* **Task prompt**: For this exercise, copy exactly the lines below from the one with "Fans wait to" through the one with "14 Karat Gold" and leave out the pictures.

* **Entries supplied**:
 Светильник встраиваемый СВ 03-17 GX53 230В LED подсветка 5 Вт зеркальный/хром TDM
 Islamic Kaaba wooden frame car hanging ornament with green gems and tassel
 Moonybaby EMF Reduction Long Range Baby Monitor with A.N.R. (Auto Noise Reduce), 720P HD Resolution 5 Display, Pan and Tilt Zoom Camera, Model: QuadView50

...

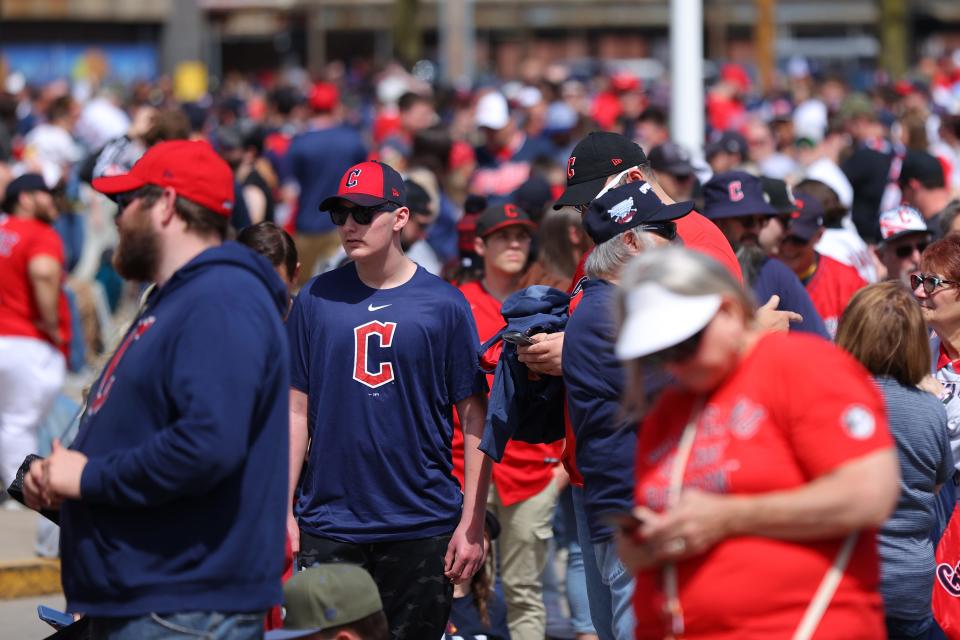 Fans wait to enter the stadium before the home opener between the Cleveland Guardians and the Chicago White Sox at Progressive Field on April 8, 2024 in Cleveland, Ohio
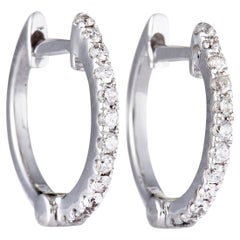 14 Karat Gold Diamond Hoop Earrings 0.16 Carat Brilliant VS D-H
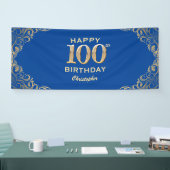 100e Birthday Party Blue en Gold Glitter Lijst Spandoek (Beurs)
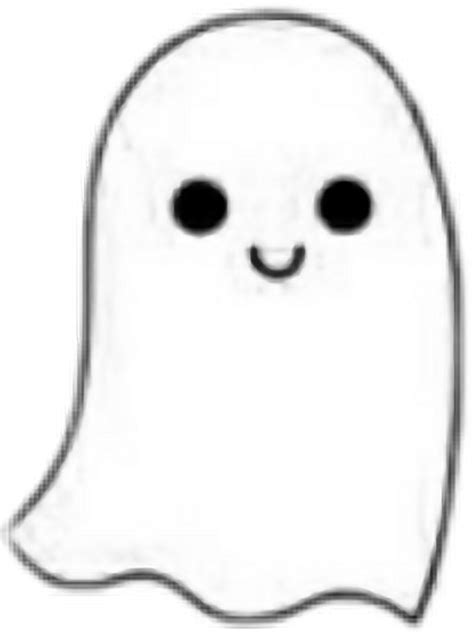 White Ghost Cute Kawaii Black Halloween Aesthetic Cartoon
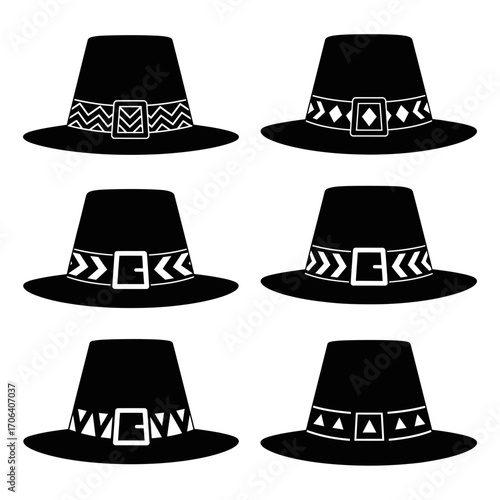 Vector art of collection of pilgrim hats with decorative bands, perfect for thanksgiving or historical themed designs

* **Solution to the problem**:
 Fans wait to enter the stadium before the home opener between the Cleveland Guardians and the Chicago White Sox at Progressive Field on April 8, 2024 in Cleveland, Ohio
 14 Karat Gold Diamond Hoop Earrings 0.16 Carat Brilliant VS D-H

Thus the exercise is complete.